Néanmoins, le huitième long-métrage du réalisateur thaïlandais ne manquera pas de diviser. Peut-être le contraste entre le son et le silence est-il trop fort : certains plans séquences silencieux donnent parfois l’impression d’être interminables, quand d’autres sont empreints d’une poésie touchante. On peut également trouver le personnage de Jessica Holland très peu spontané par moment, et il cela donne parfois à voir Tilda Swindon derrière le masque. Enfin, le film traîne parfois sur des longueurs, pour une conclusion décevante : le mystère est résolu d’une manière sans doute un peu convenue.

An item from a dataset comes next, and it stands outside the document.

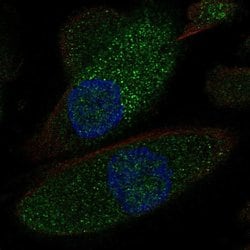 Invitrogen NKCC2 Polyclonal Antibody 100 &mu;L; Unconjugated:Antibodies,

Pour autant, aller voir Memoria, c’est, on l’a déjà dit, faire une expérience, et une expérience qui en vaut le détour. Il y a dans cette œuvre un murmure à entendre dans le silence comme dans le bruit fracassant : ce murmure, c’est celui de celles et ceux qui passèrent avant Jessica Holland, avant Hernán Bedoya, ce murmure, tout le monde en salle ne l’entendra pas, mais, nous vous le souhaitons, il résonnera peut-être en vous.